Rather than comparing specific Ingress Controllers head-to-head (it's a well-trod topic, and at the same time there are too many controllers out there to cover them individually), I'll focus on 13 key features you should consider as you evaluate your options:
1) Traffic protocol support
Be sure to check that the ingress controller you choose supports the protocols you want to use. Whether you're simply routing HTTP(S), HTTP/2, or websockets (or want to route TCP/UDP or gRPC), ensure that your ingress controller accommodates those plans.
2) Resiliency
If you haven't already ingrained resiliency measures such as rate limiting, circuit breakers, and retries into your services, you can add these features at the edge (and spare your team from writing that code) by enlisting an ingress controller that includes them.
3) High availability
Not every ingress controller supports high availability. If the application your Kubernetes deployment supports has no tolerance for downtime, make sure to choose a controller that suits your availability requirements.
4) Resource usage
Some ingress controllers use up more cluster resources than others. Also, controllers may or may not support scaling. If resource costs are important to your use case, a more lightweight controller may be your best option.
5) Dynamic configuration updates
Ingress controllers may be able to update configuration dynamically, with zero downtime. If this ability to perform so-called "hitless reloads" is important to your requirements, this feature can help narrow down your controller selection considerably.
6) Integration with external load balancers
If you use an external managed load balancer in the cloud, your networking team will appreciate the reduction in work and management overhead realized by choosing an ingress controller that integrates with it well.
7) Load-balancing algorithm support
Be sure to select an ingress controller that supports the algorithm-based routing you want to use.
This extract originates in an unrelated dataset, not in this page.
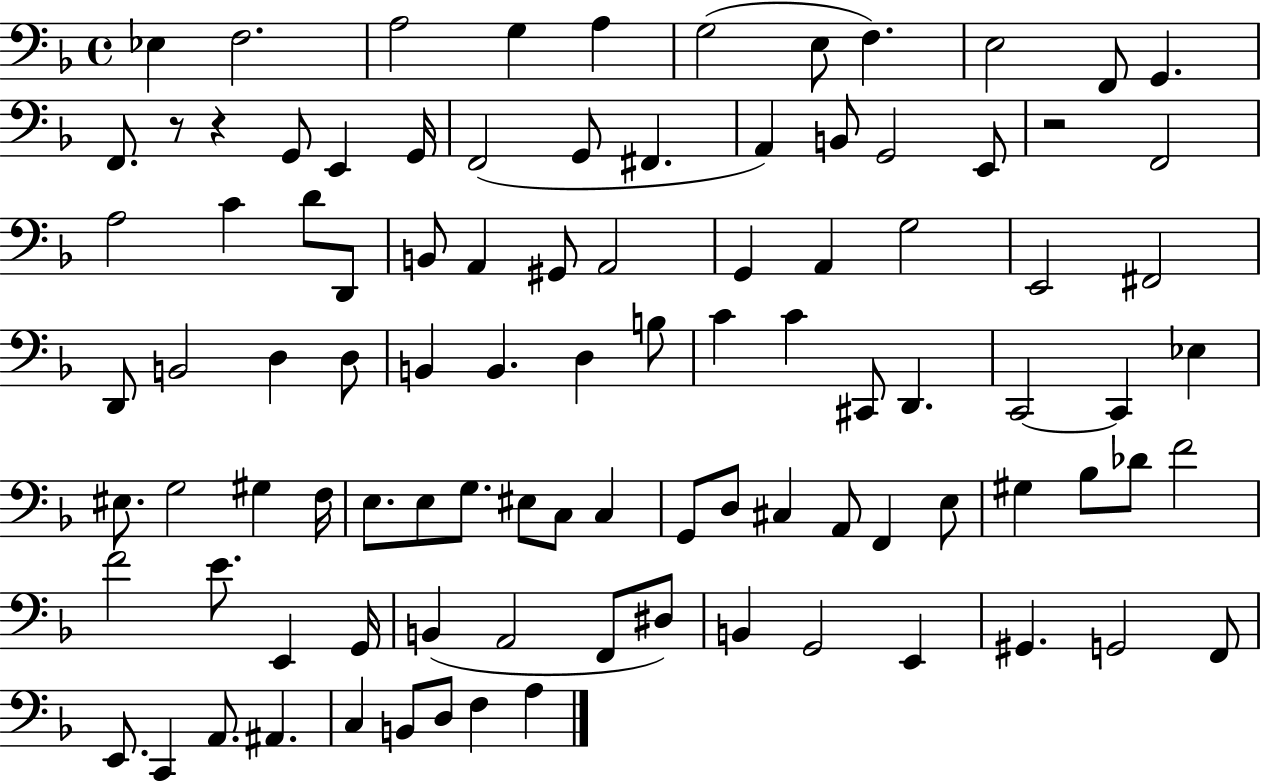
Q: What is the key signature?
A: F major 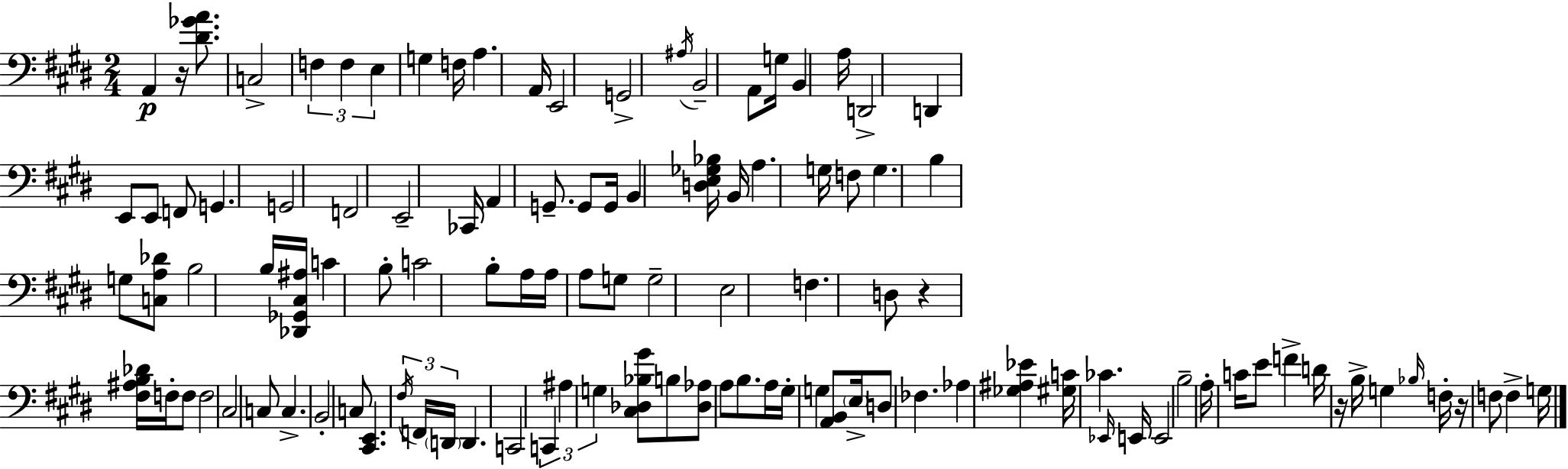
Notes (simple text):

A2/q R/s [D#4,Gb4,A4]/e. C3/h F3/q F3/q E3/q G3/q F3/s A3/q. A2/s E2/h G2/h A#3/s B2/h A2/e G3/s B2/q A3/s D2/h D2/q E2/e E2/e F2/e G2/q. G2/h F2/h E2/h CES2/s A2/q G2/e. G2/e G2/s B2/q [D3,E3,Gb3,Bb3]/s B2/s A3/q. G3/s F3/e G3/q. B3/q G3/e [C3,A3,Db4]/e B3/h B3/s [Db2,Gb2,C#3,A#3]/s C4/q B3/e C4/h B3/e A3/s A3/s A3/e G3/e G3/h E3/h F3/q. D3/e R/q [F#3,A#3,B3,Db4]/s F3/s F3/e F3/h C#3/h C3/e C3/q. B2/h C3/e [C#2,E2]/q. F#3/s F2/s D2/s D2/q. C2/h C2/q A#3/q G3/q [C#3,Db3,Bb3,G#4]/e B3/e [Db3,Ab3]/e A3/e B3/e. A3/s G#3/s G3/q [A2,B2]/e E3/s D3/e FES3/q. Ab3/q [Gb3,A#3,Eb4]/q [G#3,C4]/s CES4/q. Eb2/s E2/s E2/h B3/h A3/s C4/s E4/e F4/q D4/s R/s B3/s G3/q Bb3/s F3/s R/s F3/e F3/q G3/s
For example, most controllers will support round robin load balancing, but using least connection (ensuring that the load on services is considered as a factor) requires a controller that supports more complex algorithms and capabilities.
8) Sophisticated traffic shifting
While load balancers spread out a service's load, only some are able to split traffic in-line with advanced requirements. Be sure to select an appropriate ingress controller if your needs include performing more complex traffic shifting techniques, such as canary testing.
9) Service mesh
There are specialized ingress controllers available designed to function as a service mesh - observing or tracing internal traffic. Kubernetes uses the SMI Specification as its standard for ensuring service mesh interoperability. Selecting the most appropriate tool for your needs in this area will pay dividends later.
10) API gateway
You may have requirements well-suited to using an API gateway, or an ingress controller, or a way to accomplish both tasks. In general, API gateways are used to integrate business logic, such as measuring customer traffic or transactions for accurate billing. In contrast, edge routers are usually business-agnostic, making an API gateway a better fit than an ingress controller if business logic is needed at the edge.
11) Monitoring and logging
Ensure that the ingress controller you use supports and easily integrates with any existing monitoring and log collection tools.
12) Support
Be sure to find an ingress controller that aligns with the support you'll require. While generally open options save on cost while enterprise alternatives are better at providing support, plans are available for many open source ingress controllers as well.
13) Kubernetes ecosystem support
Finally, any ingress controller you select should feature support from the Kubernetes partner ecosystem.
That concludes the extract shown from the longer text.